How to prove, for any vector $v$ and matrix $A$, $\langle Av,v\rangle\le \lambda\langle v,v\rangle$, where $\lambda$ is the maximum eigenvalue of $A$

Question

As in the title, let $A$ be any real matrix, how to prove that, for any vector $v$, we have $$ \langle Av,v\rangle \leq \lambda_+(A)\langle v,v\rangle,$$ where $\lambda_+(A)$ is the maximum eigenvalue of $A$?

Answer 1

This is not true. It's true if $A$ is diagonalizable. For a counterexample to the question as stated let $A=\begin{bmatrix}0&1\\0&0\end{bmatrix}$, $v=\begin{bmatrix}1\\1\end{bmatrix}$; then $\langle v,Av\rangle=1$ while $\lambda_+(A)=0$.

Answer 2

This can fail in several ways:

1. as David Ullrich mentioned, it can fail if $A$ is not diagonalizable;
2. it may fail if $A$ does not have real eigenvalues (the inequality may not even make sense in this case);
3. it can fail if $A$ is not unitarily diagonalizable.

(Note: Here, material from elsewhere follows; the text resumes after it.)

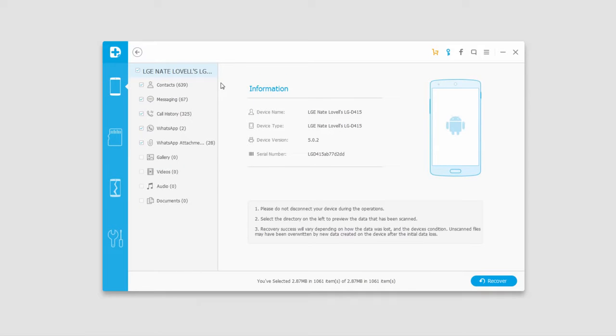And once the program has finished scanning and analyzing your device, it will load up all of the files it managed to recover.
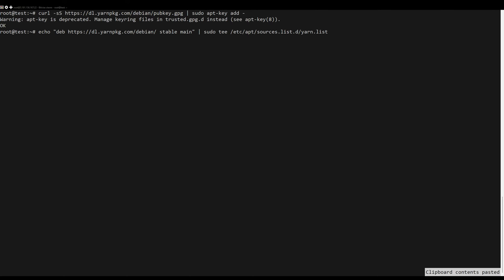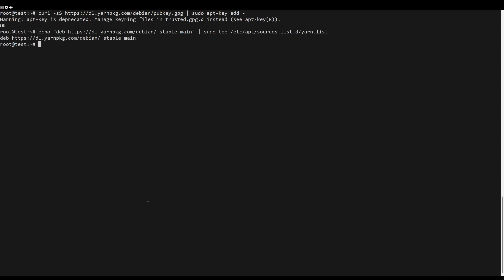Next, add the yarn apt repository to your system. Then update the package list, or just install yarn by using the following command.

To see the third point, let $$A=\begin{bmatrix} 1&10 \\ 0&1\end{bmatrix}\begin{bmatrix} 1&0\\ 0&2\end{bmatrix}\begin{bmatrix} 1&-10\\0&1 \end{bmatrix}=\begin{bmatrix}1& 10\\0& 2\end{bmatrix}.$$

Then for $v=[1,1]^{T},$ we get $\langle Av,v\rangle=13,$ but $2\langle v,v\rangle=2(2)=4$.